How long has this been going on? I just saw this on the news like 5 minutes ago, about the heat melting roads and shit. I'm going to Portland in a few days, how likely do you think it is that the weather will cool down by then?


----------



## kai (Jul 30, 2009)

victoria bc always has a nice cool ocean breeze blowing over it on all fronts because of it's location...its been sitting in the 70's range the last i heard and cooler at night still.


----------



## connerR (Jul 30, 2009)

It's not too bad out here. 

This site is pretty good for telling you how the temperature is. 

THE FUCKING WEATHER


"Huntington Beach, CA
77°?!

ITS FUCKING NICE"


----------



## RideMoreTrains (Jul 30, 2009)

I spent time in southern Thailand many years ago and the heat and humidity there outweigh anything you'll find in the United States. I wouldn't complain come winter time you'll all be saying its to cold.


----------



## RideMoreTrains (Jul 30, 2009)

I'm just saying most of the people who complain about the heat are whining about how cold it is come winter time. I'm personally not really ever bothered by either unless my life is in danger and that has happened two or three times. Alaska is extreme and I have spent time up there too.
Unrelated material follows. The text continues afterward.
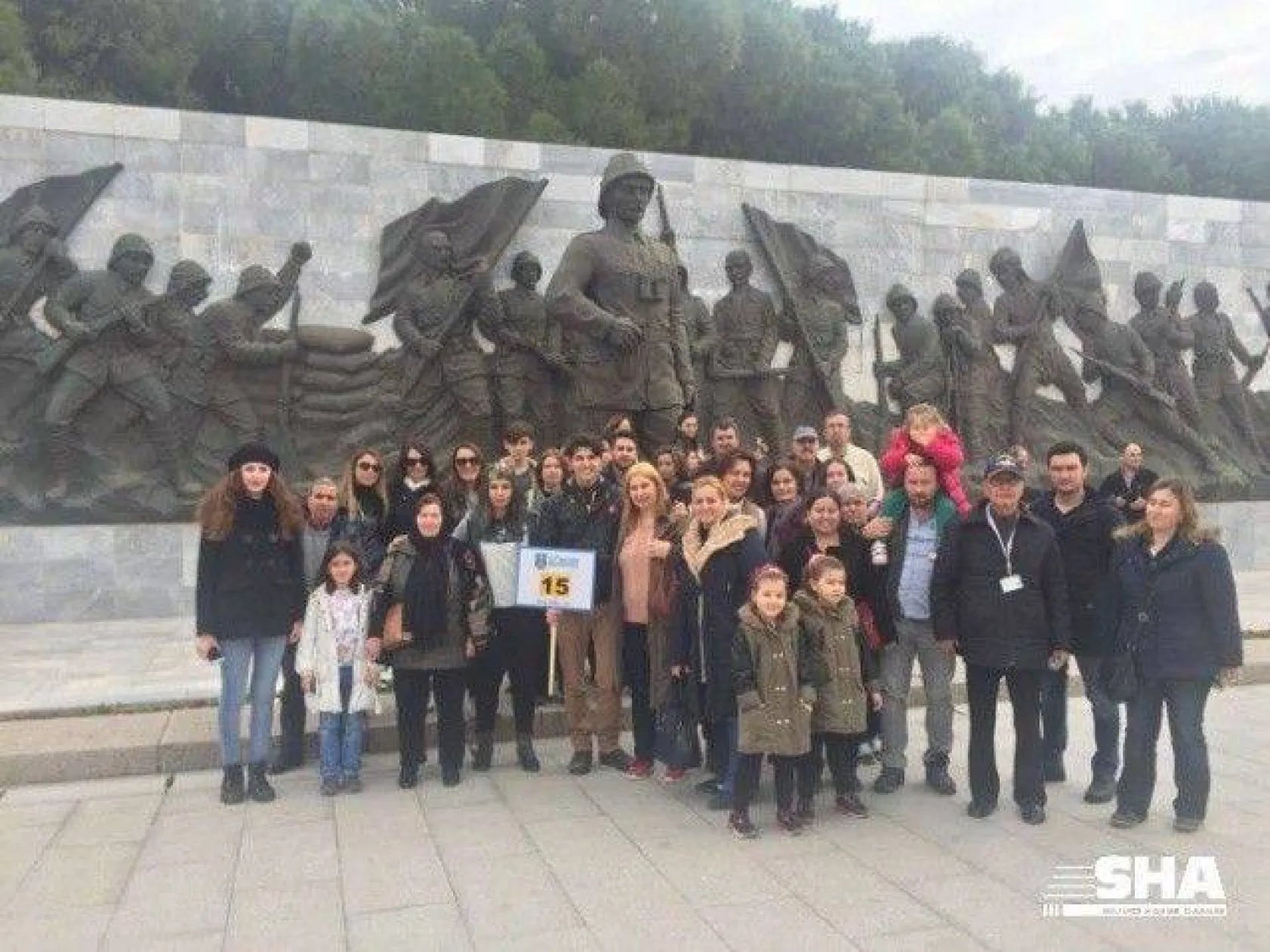 Silivrililer Çanakkale'de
Anyone who can last 9 years there should be able to handle the cold anywhere. I'd say a good 97% of the general population wouldn't last 1 month up there in the dead of winter. I spent just a year up there working on a shore processing facility and left to come help my bro on his farm, but I would definitely go back given the chance.


----------



## connerR (Jul 30, 2009)

ArrowInOre said:


> Cold, hahaha, I laugh in your general direction, hahahah I pulled 9 years in AK, I am quite familiar withthe cold myself, hahaha....OH and conneR, scroll back up and see where I already mentioned Fuckin weather .com, lol...But thanks for getting that link in haha...



ah, thats what i get for not reading the whole thread before posting! 

in my home town of the high desert it's been about 100-110. lots of fun in the dry heat.


----------



## Mouse (Jul 31, 2009)

yeah. I don't like winter simply because of the shorter days. the cold is fine with me. I got more than enough neat jackets and cute sweaters, I'm ok with the cold. 

infact, I sometimes get annoyed with summer simply becuase I start to miss my leather jacket.


----------



## wartomods (Aug 2, 2009)

You know what is fucking annoying , the same fucking weather all year long


----------



## Mouse (Aug 3, 2009)

hahaa
to a certain point, yes.


----------



## wasted (Aug 3, 2009)

here in PA the summer has been really mild, 70s-80s every day, kind of cold at night, rains a lot. the earth is really alive though, the woods look like a dayglo rainforest and the streams are flowing generously.


----------



## Mouse (Aug 3, 2009)

indeed. it's been really nice in these parts lately. I'm only a few mins south of the mason dixon so it's pretty much the same here.


----------